A look at Griset’s work here shows why it was popular–the crafty Reynard and the other animals are compellingly portrayed and characterized.  But part of the book’s appeal is the compelling story of Reynard itself, first published in English by Caxton in 1481 as one of the earliest books printed in England, and based on a Dutch version of the story from “nearly six centuries ago,” according to Samuel Phillips Day in his preface to this “one-syllable” edition (written in 1869, so the story of Reynard is now seven centuries old and counting!).  Contemporary scholars think the figure of Reynard originated in Alsace-Lorraine and that the name is derived from the German “Reginhard,” or “strong or crafty counsel.” Foxes have been associated with guile, craftiness, or slyness since the very earliest tales we have–just think of Aesop’s Fables or the fox-like, wily Odysseus.5

Detail showing Griset's signature on one of two signed plates, although all six are credited to him.

Detail showing Griset’s signature on one of two signed plates, although all six are credited to him.

The character of Reynard in this story is further portrayed as a fast-talking, treacherous trickster–the trickster a recurrent late medieval archetype–an aspect Griset captures well in his illustrations.  Would you buy a used car from this fox?

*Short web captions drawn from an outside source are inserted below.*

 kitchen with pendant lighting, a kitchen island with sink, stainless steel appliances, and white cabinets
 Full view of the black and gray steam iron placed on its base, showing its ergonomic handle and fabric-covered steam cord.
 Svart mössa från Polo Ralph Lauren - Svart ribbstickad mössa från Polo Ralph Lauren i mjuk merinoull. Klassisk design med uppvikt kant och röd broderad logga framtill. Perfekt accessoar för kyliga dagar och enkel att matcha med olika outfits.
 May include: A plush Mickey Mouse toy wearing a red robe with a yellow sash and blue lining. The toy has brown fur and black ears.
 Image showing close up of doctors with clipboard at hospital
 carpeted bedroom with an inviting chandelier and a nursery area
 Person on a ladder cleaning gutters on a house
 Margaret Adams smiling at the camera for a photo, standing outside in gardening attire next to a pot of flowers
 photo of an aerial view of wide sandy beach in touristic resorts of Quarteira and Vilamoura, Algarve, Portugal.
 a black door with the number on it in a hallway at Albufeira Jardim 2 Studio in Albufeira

Caxton’s Reynard was not intended as a children’s story but rather a moral exemplum, meant to teach virtuous behavior via an engaging fable. Presumably though, children read the story, or were at least told some oral version of it–a panoply of talking animals, a regal court ruled by a lion (always popular in England!), good and bad exemplars in action would all have appealed to children of all ages.  But Reynard, like many comparable stories, was adapted specifically for child-readers.  Day’s “one syllable” version uses simplified words and hyphenated versions of longer words (even “Li-on”) in the manner of similar adaptations of “classics” for children: A Pilgrim’s ProgressRobinson Crusoe, or Gulliver’s Travels, for instance. A look at the first page of his text gives us an idea of how this style actually reads–better than a “one-syllable” text might seem in the abstract, which is generally true of similar adaptations I’ve seen.

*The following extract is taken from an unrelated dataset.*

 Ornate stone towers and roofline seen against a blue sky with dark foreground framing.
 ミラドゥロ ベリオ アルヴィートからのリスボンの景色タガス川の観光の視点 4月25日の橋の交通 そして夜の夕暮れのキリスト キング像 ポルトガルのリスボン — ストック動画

Beginning of text, comprised primarily of the "one-syllable" words, with longer words hyphenated into syllables.

Beginning of text, comprised primarily of the “one-syllable” words, with longer words hyphenated into syllables.

As a final provenance-related aspect of interest, the copy of (the first edition of) Reynard in Princeton’s general stacks has an embossed ownership stamp from the library of the “College of New Jersey,” the name by which Princeton was known until officially renamed in 1896.  This gives us some idea of when the book was added to the library, but we don’t know for certain why a “one syllable” adaptation of Reynard was added to the University’s collection.  Was it because Reynard was such a renowned story? Or perhaps because it was seen as such a strong moral tale, especially for college students, in a era when morality was inseparable from education?  Was it perhaps seen as a complement to other versions of Reynard, for grown-ups, in the library, or as a notable adoption of Caxton’s early English version?  Was it because Griset’s illustrations were so admired at a time when his reputation was perhaps at its height? Or was it just a recent “best-seller” that a librarian thought might both delight and teach college students? We’ll never know for sure, but that shouldn’t prevent us from savoring the book we have before us now.  That’s certainly what I’m doing, and isn’t that really the point of any book, either for children or grown-ups?

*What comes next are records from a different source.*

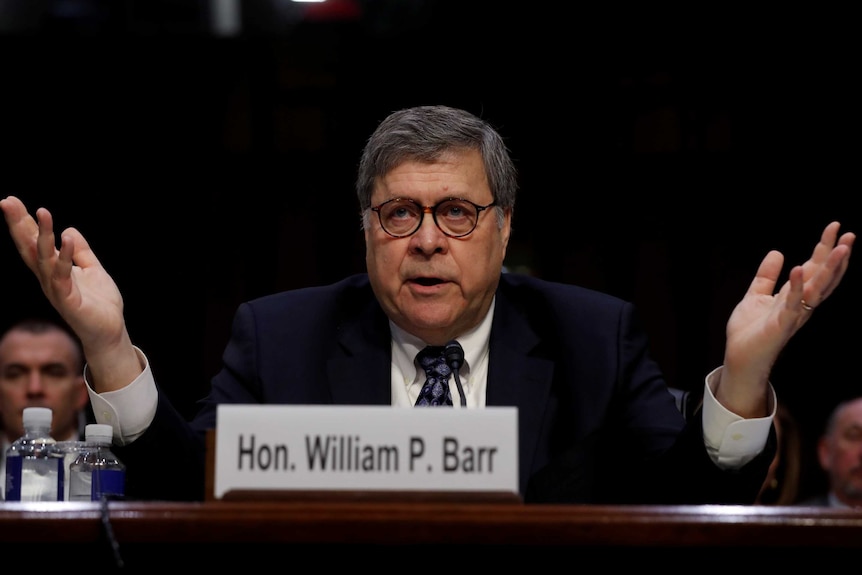 William Barr holds his hands up during his confirmation testimony.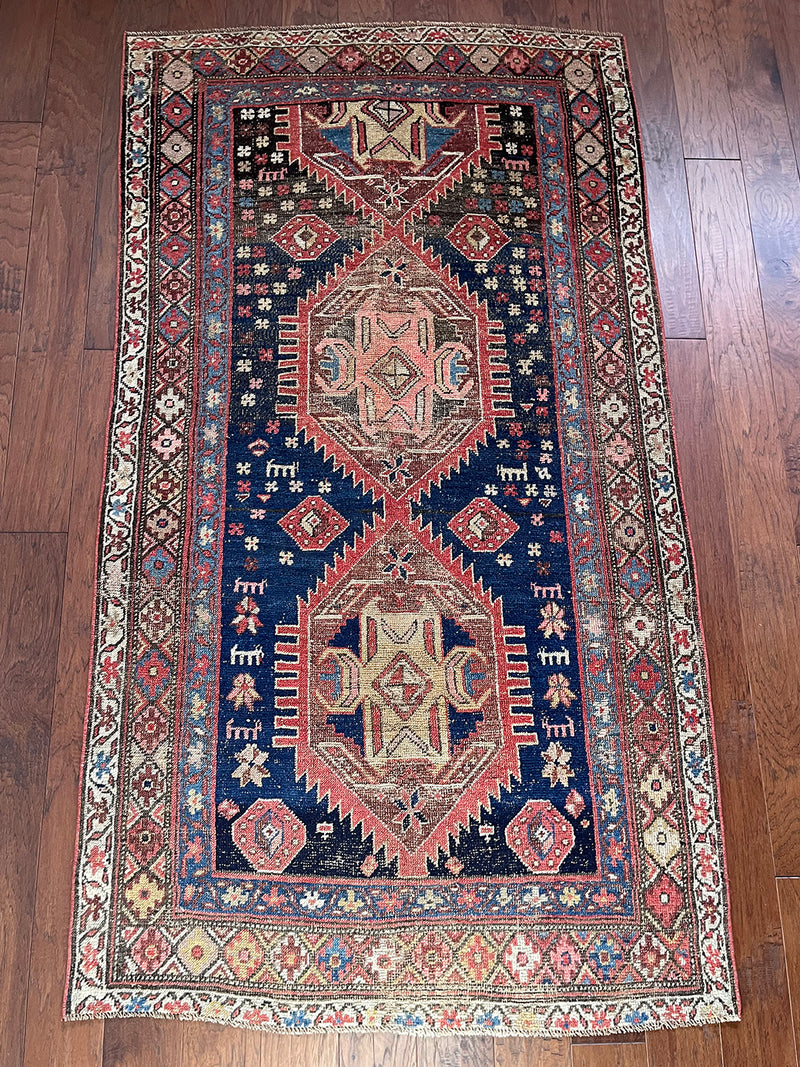 an antique kurdish rug with a blue field and coral and yellow accents in a geometric pattern
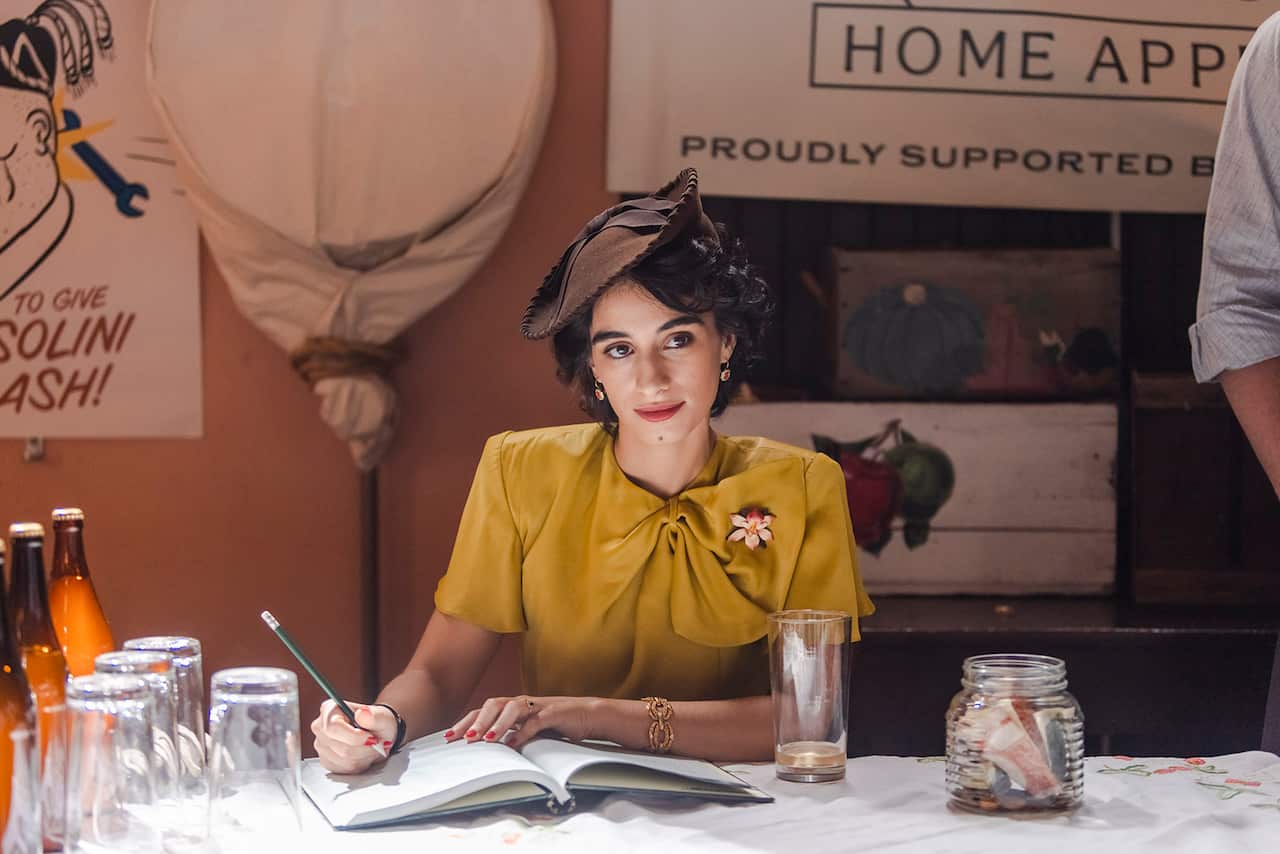 A woman in a yellow top and a jauntily angled brown hat sits at a desk, with a pencil in hand and a book in front of her. 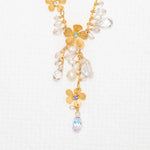 The Rafaela Gold & White Necklace by Holly Yashi features 18kt gold with plumeria flower pendants and sparkling clear and iridescent crystal beads, showcased on a textured white background.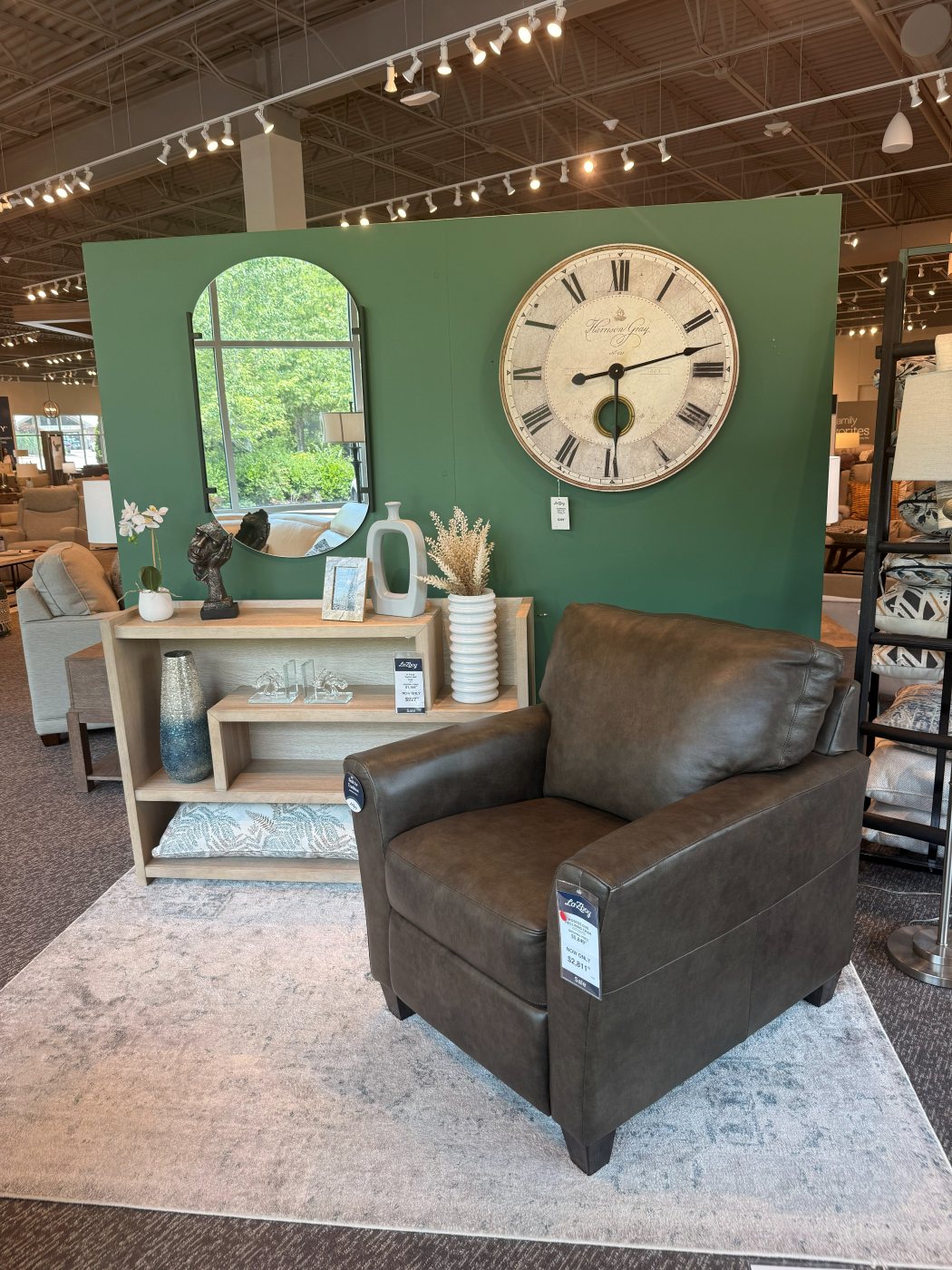 Espresso leather chair staged against a green vignette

Library stamp on title page of Princeton's general collection copy of Reynard (1st. ed), noting "The College of New Jersey," the University's name until changed in 1896.

Library stamp on title page of Princeton’s general collection copy of Reynard (1st. ed), noting “The College of New Jersey,” the University’s name until changed in 1896.

  1. David Pearson, Provenance Research in Book History: a Handbook, 1994.
  2. Simon Nowell-Smith, The mHouse of Cassell, 1848-1958, 1958.
  3. Philip A. H. Brown, London Publishers and Printers, c. 1800-1870, 1982.
  4. Simon Houfe, The Dictionary of 19th Century British Book Illustrators and Caricaturists, 1996.
  5. “Reynard Cycle,” Wikipedia; accessed Aug. 26, 2011.